ReusedExchangeExec is a wrapper operator that enables reuse of exchange operations while maintaining distinct output attribute IDs. It acts as a proxy to an existing Exchange operator, preserving the original attribute identifiers that downstream operators expect while avoiding duplicate computation of identical exchange operations.

When Used¶

This operator is chosen by the query planner's exchange reuse optimization when: - Multiple parts of the query plan require logically identical data exchanges - The catalyst optimizer detects that an exchange operation can be reused - Different downstream operators expect different attribute ID sets from the same exchange result - The spark.sql.exchange.reuse configuration is enabled (default: true)

Input Requirements¶

Expected input partitioning: Inherits from the wrapped child Exchange operator
Expected input ordering: Inherits from the wrapped child Exchange operator
Number of children: Leaf node (0 children) - wraps an existing Exchange rather than having direct children

Output Properties¶

Output partitioning: Derived from child's outputPartitioning with attribute IDs updated via updateAttr transformation
Output ordering: Child's outputOrdering with attribute references mapped to new output attribute IDs
Output schema: Explicitly provided during construction, maintaining the expected attribute IDs for downstream operators

Algorithm¶

Creates an attribute mapping (originalAttrToNewAttr) between child output attributes and expected output attributes
Delegates all execution calls (doExecute, doExecuteColumnar, doExecuteBroadcast) directly to the wrapped child Exchange
Transforms partitioning and ordering expressions using updateAttr to replace old attribute references with new ones
Returns the same RDD/ColumnarBatch/Broadcast data as the child but with updated metadata
Uses lazy evaluation for the attribute transformation function to avoid unnecessary computation
Bypasses itself during canonicalization by returning child.canonicalized

Memory Usage¶

Spill behavior: Inherits spill characteristics from the wrapped Exchange operator
Memory requirements: No additional memory overhead beyond the child Exchange
Buffering behavior: Acts as a zero-cost wrapper with no buffering of its own

Partitioning Behavior¶

Data distribution: No changes to actual data distribution - purely metadata transformation
Shuffle requirements: No additional shuffles - reuses existing Exchange shuffle results
Partition count: Maintains same partition count as the wrapped Exchange

Supported Join/Aggregation Types¶

Not applicable - this is a utility wrapper operator that doesn't perform joins or aggregations.

Metrics¶

Inherits all metrics from the wrapped child Exchange operator.
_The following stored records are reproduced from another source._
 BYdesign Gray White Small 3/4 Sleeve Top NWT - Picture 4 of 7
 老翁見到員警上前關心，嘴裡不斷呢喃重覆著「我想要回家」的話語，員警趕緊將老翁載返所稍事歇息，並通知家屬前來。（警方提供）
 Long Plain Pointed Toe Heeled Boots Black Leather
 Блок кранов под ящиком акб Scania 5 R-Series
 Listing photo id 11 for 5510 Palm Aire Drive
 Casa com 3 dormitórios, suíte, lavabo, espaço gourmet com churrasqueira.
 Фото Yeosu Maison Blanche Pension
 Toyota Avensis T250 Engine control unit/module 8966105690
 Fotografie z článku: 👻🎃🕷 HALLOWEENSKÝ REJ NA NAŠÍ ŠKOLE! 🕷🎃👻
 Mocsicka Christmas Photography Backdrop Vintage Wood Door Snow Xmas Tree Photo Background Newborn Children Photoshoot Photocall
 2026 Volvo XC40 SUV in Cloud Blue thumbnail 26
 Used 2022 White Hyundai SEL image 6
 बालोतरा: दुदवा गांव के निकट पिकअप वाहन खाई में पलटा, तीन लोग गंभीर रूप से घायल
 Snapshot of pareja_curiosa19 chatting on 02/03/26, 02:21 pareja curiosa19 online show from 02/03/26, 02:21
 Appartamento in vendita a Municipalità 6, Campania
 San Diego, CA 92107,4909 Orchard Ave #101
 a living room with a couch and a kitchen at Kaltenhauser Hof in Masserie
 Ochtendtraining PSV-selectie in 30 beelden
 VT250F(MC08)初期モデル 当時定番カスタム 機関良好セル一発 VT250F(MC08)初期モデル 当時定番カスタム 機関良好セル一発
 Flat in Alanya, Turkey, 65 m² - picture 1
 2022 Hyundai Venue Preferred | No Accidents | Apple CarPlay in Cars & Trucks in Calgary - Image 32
Does not introduce additional metrics of its own. The verboseStringWithOperatorId() method shows reuse information with the original operator ID.

Code Generation¶

Columnar support: Delegates supportsColumnar to child Exchange
Whole-stage codegen: Not directly involved in codegen as it's a passthrough wrapper
Code generation: Execution methods delegate to child, so codegen behavior matches the wrapped Exchange

Configuration Options¶

spark.sql.exchange.reuse (default: true) - Controls whether exchange reuse optimization is enabled
spark.sql.adaptive.enabled - May affect when exchange reuse opportunities are detected
All configuration options that affect the wrapped Exchange operator apply transitively

Edge Cases¶

Null handling: Delegates to child Exchange - no special null handling logic
Empty partition handling: Inherits empty partition behavior from wrapped Exchange
Attribute mapping: Safely handles cases where attribute mapping is not found via getOrElse(attr, attr)
Expression transformation: Only updates Partitioning expressions that are also Expression instances

Examples¶

== Physical Plan ==
AdaptiveSparkPlan isFinalPlan=false
+- Project [id#1L, name#2]
   +- SortMergeJoin [id#1L], [user_id#5L], Inner
      :- Sort [id#1L ASC NULLS FIRST]
      :  +- ReusedExchange [id#1L, name#2] [Reuses operator id: 4]
      +- Sort [user_id#5L ASC NULLS FIRST]
         +- Exchange hashpartitioning(user_id#5L, 200), ENSURE_REQUIREMENTS
            +- Scan parquet [user_id#5L, data#6]